X-2/x-3+x-4/x-5=10/3

The given equation is:
{tex}\frac { x - 2 } { x - 3 } + \frac { x - 4 } { x - 5 } = \frac { 10 } { 3 }{/tex}

By cross multiplication method we have,
{tex} \frac { ( x - 2 ) ( x - 5 ) + ( x - 4 ) ( x - 3 ) } { ( x - 3 ) ( x - 5 ) } = \frac { 10 } { 3 }{/tex}
{tex}\Rightarrow \frac { \left( x ^ { 2 } - 7 x + 10 \right) + \left( x ^ { 2 } - 7 x + 12 \right) } { \left( x ^ { 2 } - 8 x + 15 \right) } = \frac { 10 } { 3 }{/tex}
{tex}\Rightarrow \frac { \left( 2 x ^ { 2 } - 14 x + 22 \right) } { \left( x ^ { 2 } - 8 x + 15 \right) } = \frac { 10 } { 3 }{/tex}
{tex}\Rightarrow{/tex} 3(2x² - 14x + 22) = 10(x² - 8x + 15) [ by cross multiplication method ]

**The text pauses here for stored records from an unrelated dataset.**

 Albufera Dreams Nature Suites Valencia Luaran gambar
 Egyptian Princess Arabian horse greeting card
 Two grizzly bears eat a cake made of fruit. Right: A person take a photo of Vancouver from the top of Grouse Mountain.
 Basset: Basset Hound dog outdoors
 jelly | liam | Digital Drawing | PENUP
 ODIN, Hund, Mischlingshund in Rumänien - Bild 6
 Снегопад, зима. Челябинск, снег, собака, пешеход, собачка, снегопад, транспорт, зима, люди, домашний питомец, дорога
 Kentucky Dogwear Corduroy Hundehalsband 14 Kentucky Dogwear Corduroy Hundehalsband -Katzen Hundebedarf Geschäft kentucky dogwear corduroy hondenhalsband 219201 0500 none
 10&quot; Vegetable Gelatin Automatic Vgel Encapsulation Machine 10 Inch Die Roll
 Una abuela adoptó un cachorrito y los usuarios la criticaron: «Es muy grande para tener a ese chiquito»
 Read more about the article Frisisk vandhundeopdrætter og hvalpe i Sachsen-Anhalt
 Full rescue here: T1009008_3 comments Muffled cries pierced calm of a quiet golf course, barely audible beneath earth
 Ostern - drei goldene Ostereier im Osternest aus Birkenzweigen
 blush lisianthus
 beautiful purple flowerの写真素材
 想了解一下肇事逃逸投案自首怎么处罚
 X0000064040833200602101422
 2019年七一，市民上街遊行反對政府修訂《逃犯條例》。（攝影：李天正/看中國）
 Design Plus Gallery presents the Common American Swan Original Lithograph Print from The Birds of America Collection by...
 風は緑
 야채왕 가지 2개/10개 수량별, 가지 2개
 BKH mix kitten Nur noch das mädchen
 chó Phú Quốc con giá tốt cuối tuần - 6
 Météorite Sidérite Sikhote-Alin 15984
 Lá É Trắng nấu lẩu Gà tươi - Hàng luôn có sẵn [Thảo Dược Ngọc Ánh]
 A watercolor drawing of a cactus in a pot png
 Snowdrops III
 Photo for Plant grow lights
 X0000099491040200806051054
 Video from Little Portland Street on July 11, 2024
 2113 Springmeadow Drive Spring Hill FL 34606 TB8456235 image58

{tex}\Rightarrow{/tex} 6x² - 42x + 66 = 10x² - 80x +150
{tex}\Rightarrow{/tex} 4x² - 38x + 84 = 0 {tex}\Rightarrow{/tex} 2x² - 19x + 42 = 0
{tex}\Rightarrow{/tex} 2x² - 12x - 7x + 42 = 0 {tex}\Rightarrow{/tex} 2x(x -6 ) - 7(x - 6) = 0
{tex}\Rightarrow{/tex} (x - 6)(2x - 7) = 0 {tex}\Rightarrow{/tex} x - 6 = 0 or 2x - 7 = 0
   Either x = 6 or x = {tex}\frac{7}{2}{/tex}.
Hence, the roots of given equation are 6 and {tex}\frac{7}{2}{/tex}.